▶ **SOURCE MATERIAL**:
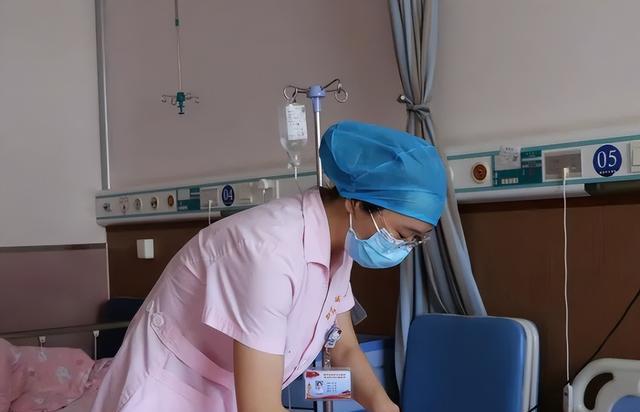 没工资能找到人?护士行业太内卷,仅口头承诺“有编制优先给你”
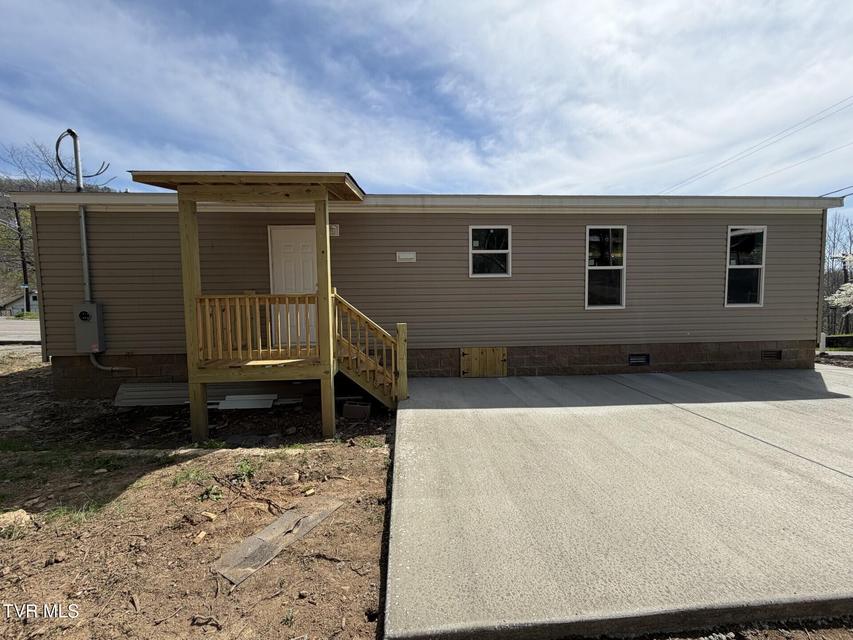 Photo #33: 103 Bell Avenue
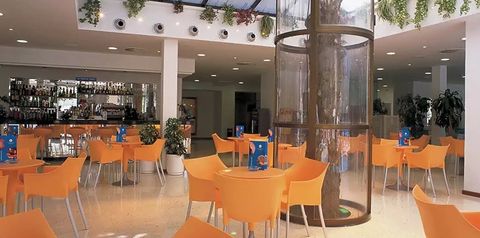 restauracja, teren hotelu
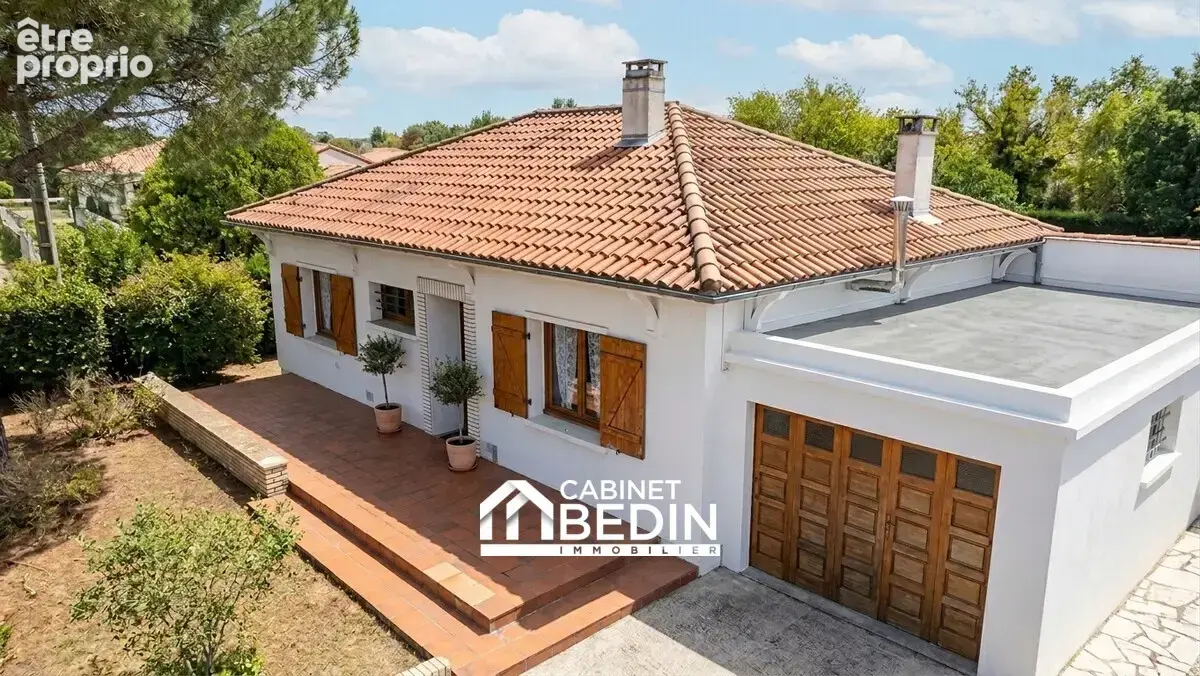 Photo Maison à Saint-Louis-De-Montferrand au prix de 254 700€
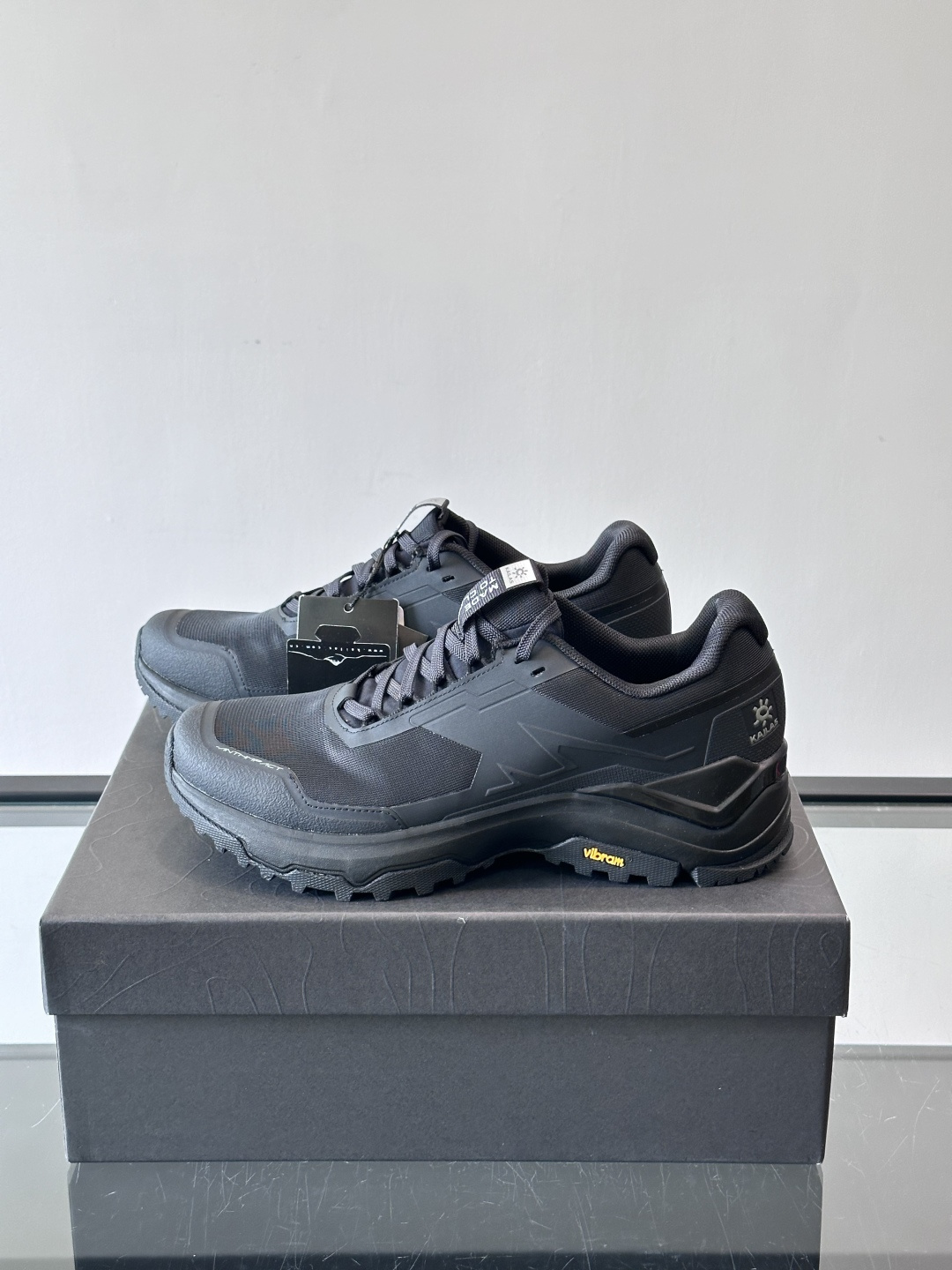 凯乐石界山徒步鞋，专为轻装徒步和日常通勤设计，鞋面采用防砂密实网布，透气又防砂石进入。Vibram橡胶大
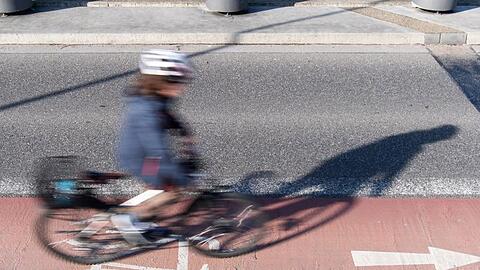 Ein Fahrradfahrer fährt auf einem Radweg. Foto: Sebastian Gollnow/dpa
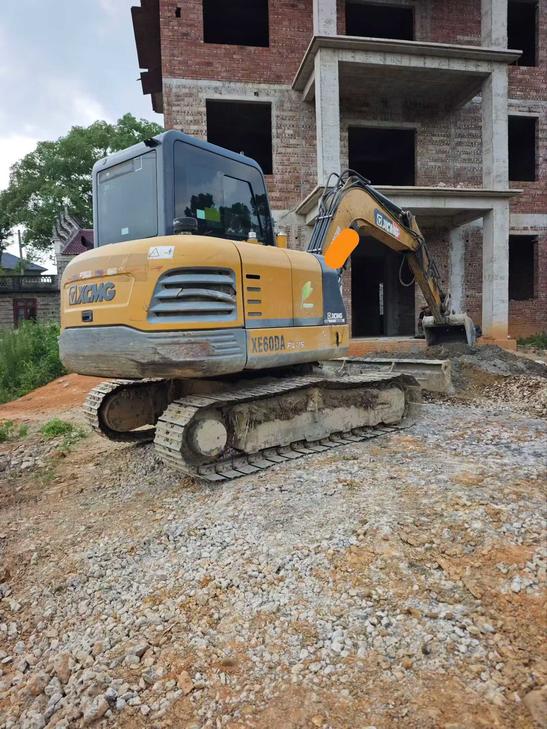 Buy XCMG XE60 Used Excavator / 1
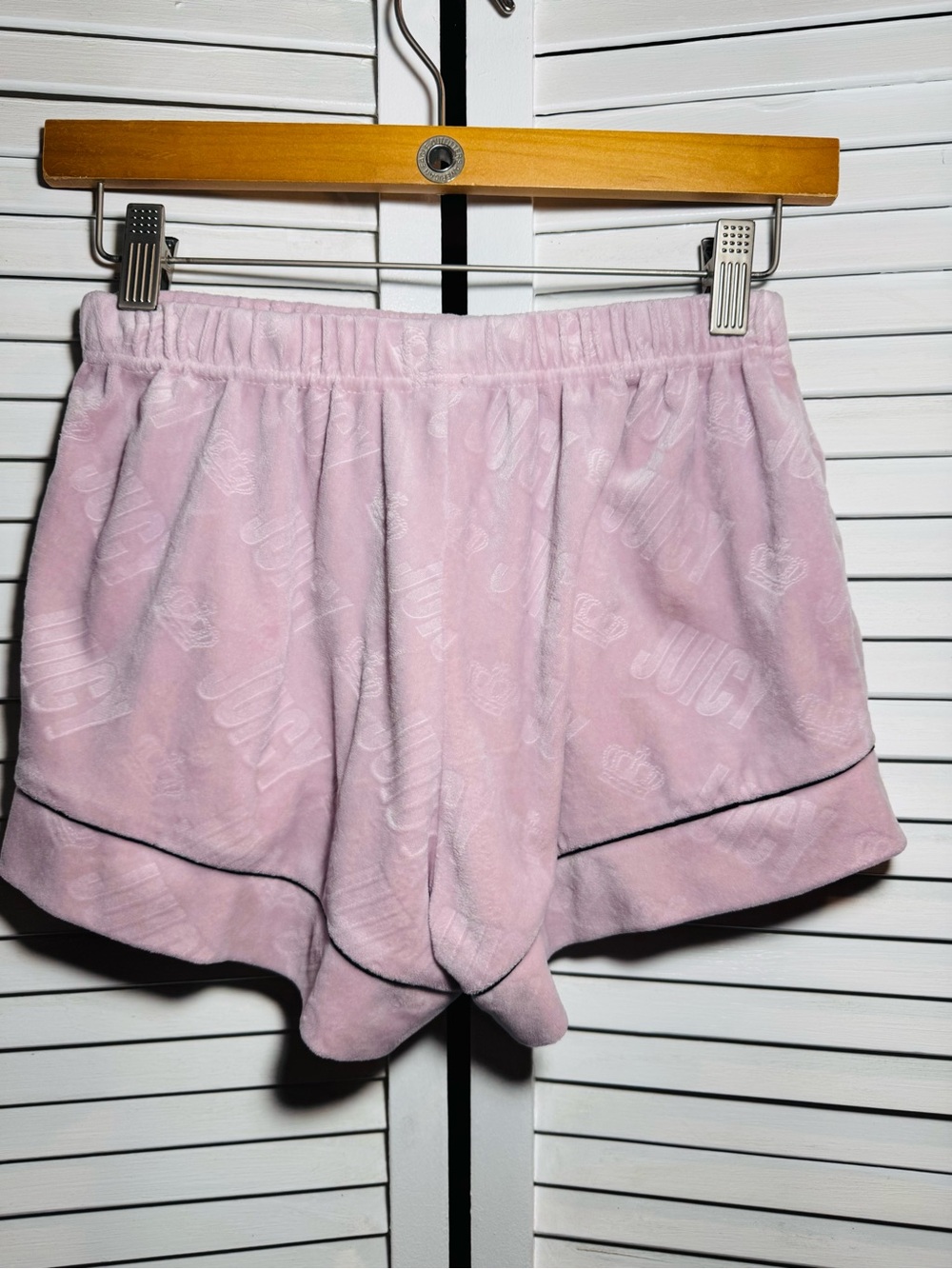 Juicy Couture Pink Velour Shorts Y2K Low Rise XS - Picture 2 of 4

▶ **ABOUT THIS EXERCISE**: Hand back exactly the lines from the one with "Ein Fahrradfahrer fährt" through the last line of the data above, both ends included, with every picture left out.

▶ **RESPONSE FOR THIS EXERCISE**:
 Ein Fahrradfahrer fährt auf einem Radweg. Foto: Sebastian Gollnow/dpa
 Buy XCMG XE60 Used Excavator / 1
 Juicy Couture Pink Velour Shorts Y2K Low Rise XS - Picture 2 of 4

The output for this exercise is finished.